((

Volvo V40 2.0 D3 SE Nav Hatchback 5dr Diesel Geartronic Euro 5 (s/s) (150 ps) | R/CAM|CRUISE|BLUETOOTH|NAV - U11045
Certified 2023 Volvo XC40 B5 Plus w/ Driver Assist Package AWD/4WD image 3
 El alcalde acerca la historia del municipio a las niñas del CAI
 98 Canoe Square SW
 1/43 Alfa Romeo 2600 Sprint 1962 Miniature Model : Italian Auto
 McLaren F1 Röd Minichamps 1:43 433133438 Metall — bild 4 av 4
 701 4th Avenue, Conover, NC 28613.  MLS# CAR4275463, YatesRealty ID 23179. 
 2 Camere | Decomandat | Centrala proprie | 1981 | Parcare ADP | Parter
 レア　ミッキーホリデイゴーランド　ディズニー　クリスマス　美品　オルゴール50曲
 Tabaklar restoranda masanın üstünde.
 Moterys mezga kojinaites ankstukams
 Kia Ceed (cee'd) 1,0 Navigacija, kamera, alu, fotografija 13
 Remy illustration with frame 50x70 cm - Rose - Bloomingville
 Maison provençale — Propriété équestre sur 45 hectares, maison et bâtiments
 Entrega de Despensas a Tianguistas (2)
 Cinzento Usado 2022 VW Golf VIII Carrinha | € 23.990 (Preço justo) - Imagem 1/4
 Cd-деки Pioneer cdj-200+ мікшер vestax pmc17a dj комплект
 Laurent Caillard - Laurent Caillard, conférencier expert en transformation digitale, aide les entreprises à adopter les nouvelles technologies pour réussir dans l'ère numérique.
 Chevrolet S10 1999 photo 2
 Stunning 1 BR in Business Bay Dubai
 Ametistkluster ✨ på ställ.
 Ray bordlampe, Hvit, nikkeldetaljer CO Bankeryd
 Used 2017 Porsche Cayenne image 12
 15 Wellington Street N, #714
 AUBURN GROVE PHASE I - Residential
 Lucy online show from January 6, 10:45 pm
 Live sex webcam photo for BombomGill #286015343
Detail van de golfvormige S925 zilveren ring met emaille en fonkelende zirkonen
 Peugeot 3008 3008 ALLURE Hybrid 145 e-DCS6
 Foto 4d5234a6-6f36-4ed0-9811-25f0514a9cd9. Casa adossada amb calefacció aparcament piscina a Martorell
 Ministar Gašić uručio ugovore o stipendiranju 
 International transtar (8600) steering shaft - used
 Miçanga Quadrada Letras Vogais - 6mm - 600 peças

))

EXERCISE OBJECTIVE: In the data above, find the line that contains "Kia Ceed (cee'd)" and the line that contains "Foto 4d5234a6-6f36-4ed0-9811-25f0514a9cd9. Casa". Repeat exactly those lines and every line between them, and only those.

EXPECTED ANSWER:
 Kia Ceed (cee'd) 1,0 Navigacija, kamera, alu, fotografija 13
 Remy illustration with frame 50x70 cm - Rose - Bloomingville
 Maison provençale — Propriété équestre sur 45 hectares, maison et bâtiments
 Entrega de Despensas a Tianguistas (2)
 Cinzento Usado 2022 VW Golf VIII Carrinha | € 23.990 (Preço justo) - Imagem 1/4
 Cd-деки Pioneer cdj-200+ мікшер vestax pmc17a dj комплект
 Laurent Caillard - Laurent Caillard, conférencier expert en transformation digitale, aide les entreprises à adopter les nouvelles technologies pour réussir dans l'ère numérique.
 Chevrolet S10 1999 photo 2
 Stunning 1 BR in Business Bay Dubai
 Ametistkluster ✨ på ställ.
 Ray bordlampe, Hvit, nikkeldetaljer CO Bankeryd
 Used 2017 Porsche Cayenne image 12
 15 Wellington Street N, #714
 AUBURN GROVE PHASE I - Residential
 Lucy online show from January 6, 10:45 pm
 Live sex webcam photo for BombomGill #286015343
Detail van de golfvormige S925 zilveren ring met emaille en fonkelende zirkonen
 Peugeot 3008 3008 ALLURE Hybrid 145 e-DCS6
 Foto 4d5234a6-6f36-4ed0-9811-25f0514a9cd9. Casa adossada amb calefacció aparcament piscina a Martorell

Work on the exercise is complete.